Ton dernier EP There’s Always More At The Store, semble porter des couleurs plus froides que les précédents.

C’était l’année dernière au studio, j’essayais de faire un truc différent, je sortais un peu de moi, de mon “vieux moi”, j’essayais de faire quelque chose de plus minimal. Normalement j’utilise plus d’instruments à vent, chacune des tracks de l’EP commencent de la même façon.

Là, Less and Less a différents types de formes dont des séquences de percussions. C’est un mood plus dark, j’ai ressorti des clés mineures que j’utilisais dans le passé, qui sont empruntes d’un peu plus de mélancolie. Le meilleur moment pour écouter cet EP serait dans un club, mais certainement pas au peak time, plutôt le matin tôt, car tous les morceaux sont assez moody.

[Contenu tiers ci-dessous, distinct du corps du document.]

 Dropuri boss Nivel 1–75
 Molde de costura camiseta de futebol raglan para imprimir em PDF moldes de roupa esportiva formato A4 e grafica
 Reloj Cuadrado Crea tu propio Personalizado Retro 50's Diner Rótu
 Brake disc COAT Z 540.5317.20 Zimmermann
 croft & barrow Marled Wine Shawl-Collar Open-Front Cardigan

Venant du Canada, on pourrait penser que ta carrière décollerait plus vite aux US qu’en Europe, or c’est plutôt l’inverse qui se produit.

Le marché US est difficile, j’ai un booker pour ça mais c’est vrai que c’est souvent trop cher entre les billets d’avion, le visa, les taxes… Ce n’est pas tant par choix que je n’y vais pas, mais que c’est plus simple et fluide de jouer en Europe ! D’autant plus que je me sens plus proche du Canada et de New York, je n’ai pas vraiment de projet d’aller vivre en Europe, j’aime être ici.

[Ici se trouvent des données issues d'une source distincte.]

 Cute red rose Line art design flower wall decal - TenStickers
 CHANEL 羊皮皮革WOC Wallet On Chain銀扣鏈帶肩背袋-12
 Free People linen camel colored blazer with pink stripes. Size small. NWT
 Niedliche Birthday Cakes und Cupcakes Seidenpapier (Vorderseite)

Il y a plein de nouveaux spots à Montréal, tout arrive par vagues. Ce n’est pas forcément mieux qu’avant, mais différent c’est sûr, il y a plus de producteurs mais on reste underground. Je ne joue pas souvent ici, il n’y a pas de gros événements. J’ai joué dans des gros festivals mais je ne m’y amuse pas, c’est trop bondé, tu es déconnecté de ce qui se passe vraiment dans la foule. Par exemple, j’ai aussi joué en Australie sur la scène de Sugar Mountains à Melbourne. C’était marrant, mais toute les caméras sur moi, j’avais un peu de mal avec ça. Ce n’est pas la situation idéale pour moi, je préfère les petits espaces.

On verrait bien ta musique sur une configuration live, c’est prévu ?

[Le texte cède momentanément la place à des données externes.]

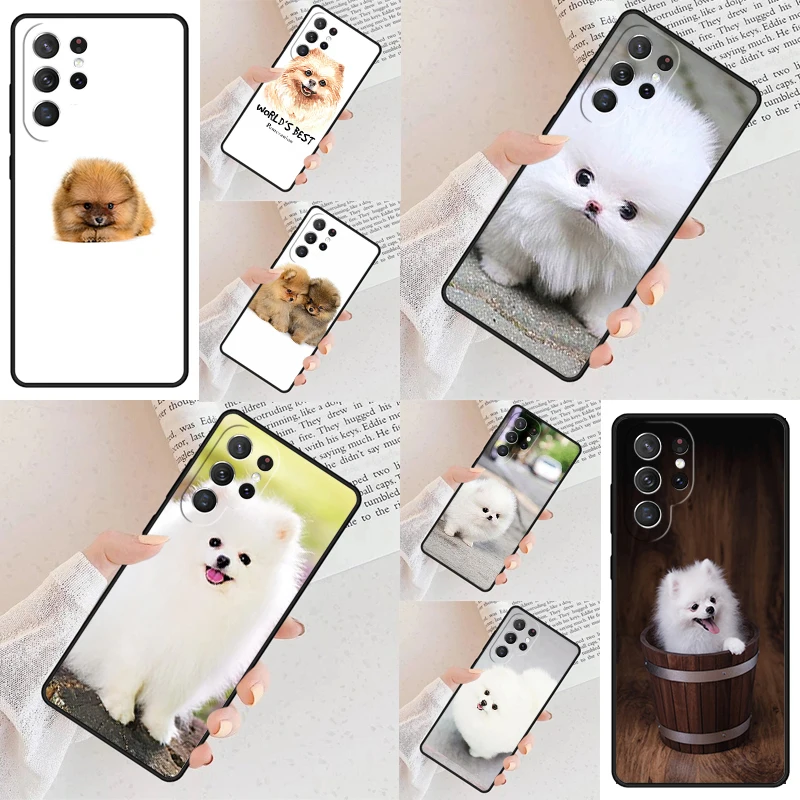 White pomeranian dog Phone Case For Samsung Galaxy S24 S23 S22 S21 Ultra S10 Note 10 Pro S20 Plus FE S9 S8 Cover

Pas pour le moment, mais je voudrais en faire un dans le futur. Je l’ai fait à Mutek mais c’était peut être trop tôt. Je suis très occupé à produire des sons, je verrai le reste plus tard !

On apprendra après cette interview que le canadien sort déjà un nouvel EP, Come To Canada You Will Like It sur un nouveau label, Verdicchio Music Publishing – qu’on soupçonne d’être aussi dirigé par Project Pablo himself. En voici l’extrait, Fine Match ci-dessus. Petit cachotier !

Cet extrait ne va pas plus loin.